The number of startups that have emerged in the burgeoning fintech lending space has increased noticeably in recent years. These fintech platforms provide instant loans, revolving credit lines, and other credit instruments to customers who are underbanked, unbanked, or new to credit.

The seamless service they provide is the reason for their rapid growth. Fintech lenders offer loans ranging from Rs 5,000 to Rs 10,00,000. (upper limit varies). Rather than providing standardised offerings, they cater to the specific needs of various customer segments such as millennials, salaried employees, local business owners, retailers, credit card customers, new to credit customers, low bureau score customers, and many more.

They have even introduced new credit options such as EMI without a credit card, Buy Now Pay Later (BNPL), and e-commerce voucher financing to make buyers’ lives easier while also transforming the concept of e-commerce in general. However, there are still some reservations in India about the use of such digital lending platforms.

Finance and technology convergence paved the way for many private financial institutions to launch digitally innovative financial products. The introduction of fintech improved the user experience by facilitating payments, lending, and savings on digital platforms such as private apps and official credit websites.

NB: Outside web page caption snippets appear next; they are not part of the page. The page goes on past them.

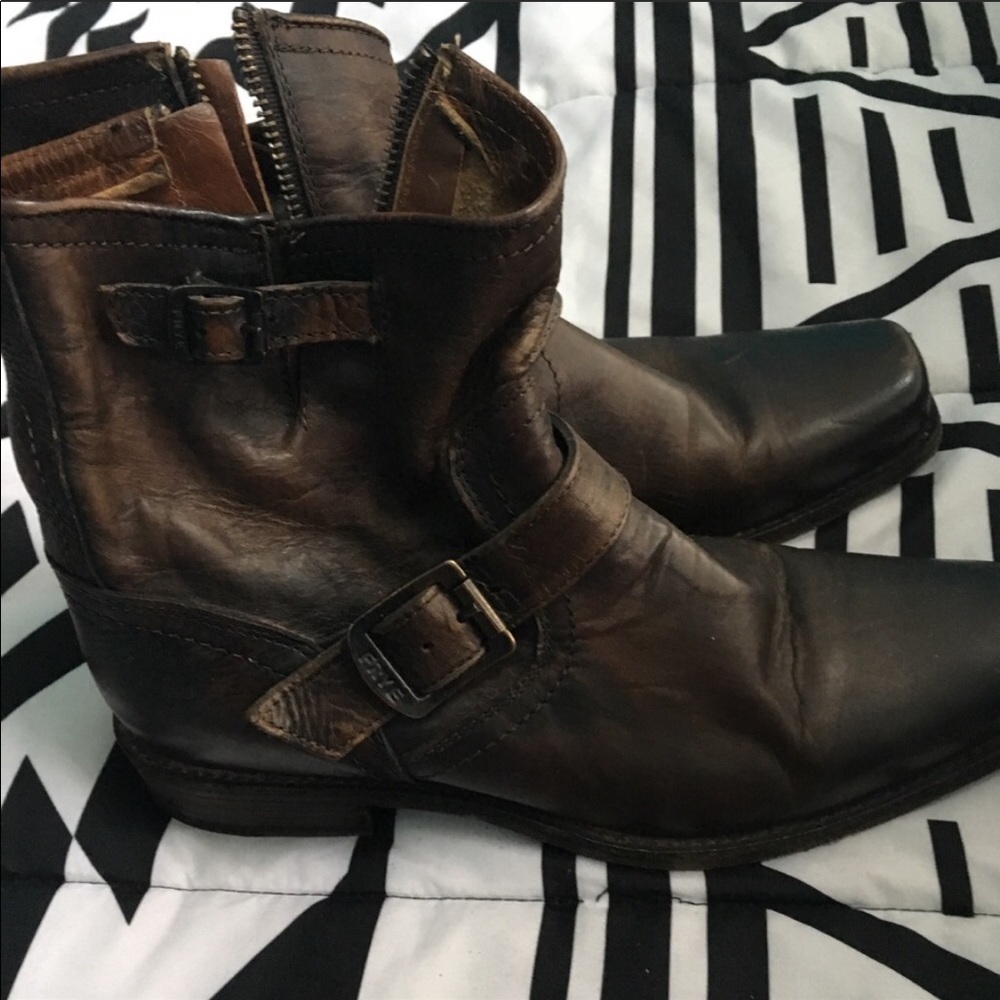 Frye boots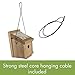 Woodlink Cedar Wren Birdhouse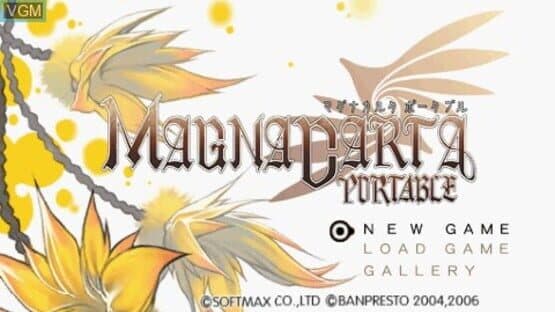 Magna Carta Portable — screenshot 3
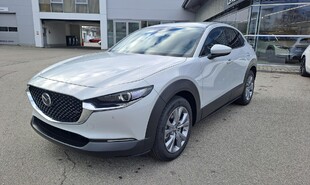 Mazda CX-30, Exclusive-line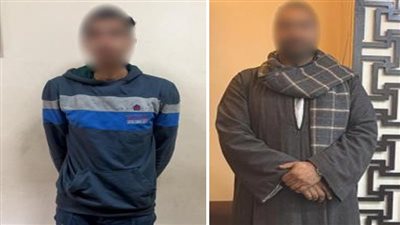 حقيقة ادعاء شخص بقيام فرد شرطة تحريض نجله للتعدي على طفلة بإلقاء مادة بالفيوم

Read More FINTECH Startups in India

How does FINTECH work?

Fintech is not a new industry; it has simply evolved at a rapid pace. Whether it’s the introduction of credit cards in the 1950s or ATMs, electronic trading floors, personal finance apps, and high-frequency trading in the decades since, technology has always been a part of the financial world to some extent.

The heart of financial technology differs from project to project and application to application. However, some of the most recent advancements use machine learning algorithms, blockchain, and data science to do everything from process credit risks to run hedge funds. Indeed, there is now an entire subset of regulatory technology known as “regtech” that is designed to help industries such as, you guessed it, fintech navigate the complex world of compliance and regulatory issues.

Concerns about cybersecurity in the fintech industry have grown in tandem with the growth of fintech. The massive growth of fintech companies and marketplaces on a global scale has increased the exposure of vulnerabilities in fintech infrastructure, making it a target for cybercriminal attacks. Fortunately, technology is constantly evolving to reduce existing fraud risks and mitigate emerging threats.

Myths & Facts about Fintech Leading Apps

App-based lending is promoted by financial institutions and NBFCs in India, and this fintech concept has been actively accepted by many borrowers in India who require immediate finance for a variety of reasons. However, there are some facts and myths surrounding fintech unsecured lending. Let’s dispel some myths and facts about digital lending in order to conduct safe financial transactions online:

MYTH: 

1. Faster Returns: While digital lending services are faster than traditional ones, lenders do not guarantee faster returns. The operational efficiency of the loan applications is entirely responsible for the company’s success and profits. Launching new digital lending apps and expecting guaranteed profits in the early stages can be a difficult task.

2. Location Restrictions: Instant personal loan apps promise quick loan application, approval, and disbursement from anywhere, at any time. However, this does not appear to be the case in locations where borrowers’ bank accounts are held by regional and cooperative banks, causing problems with loan disbursement and repayment.

3. Unlimited KYC Authentication: For borrowers, paperless verification of KYC documents is extremely convenient. With a limited database, it is difficult to manage the rush once the loan app is launched and traffic begins to populate the app. India is a large country with a large population. Due to the limited database to stack the KYC details, when many users submit their KYC details for verification on the loan app, the loan applications are frequently dropped. As a result, the notion that fintech allows for unlimited KYC authentication is a complete myth.

FACTS:

1. Smart experience better than banks:  Fintech has improved the level of user experience supporting top-end financial services digitally – corporate banking, private banking, crowdfunding, trading, and lending. Digital wallet platforms such as Google Pay, Paytm, and PayPal have emerged as an easy source of online payment by partnering with fintech.

2. Quality Control: Fintech firms are ideal for calculating credit scores for various borrowers as required by various financial institutions. This analysis of the borrower’s creditworthiness simplifies the lender’s decision on whether or not to sanction the loan.

3. Smaller loans are now available: Taking out a personal loan used to feel like a burden, but that has all changed since the advent of fintech. There are now exclusive instant loan apps that provide small cash loans of up to 1.5 lakhs or more within 24 hours. During the financial crisis, the availability of small cash loans on the same day aided many individuals and households.

Overall, despite the myths and benefits, FINTECH unsecured lenders do take a risk in order to provide an easy lending platform with a balanced business model. One that lives up to the borrower’s expectations and is practical in lending money only in times of emergency.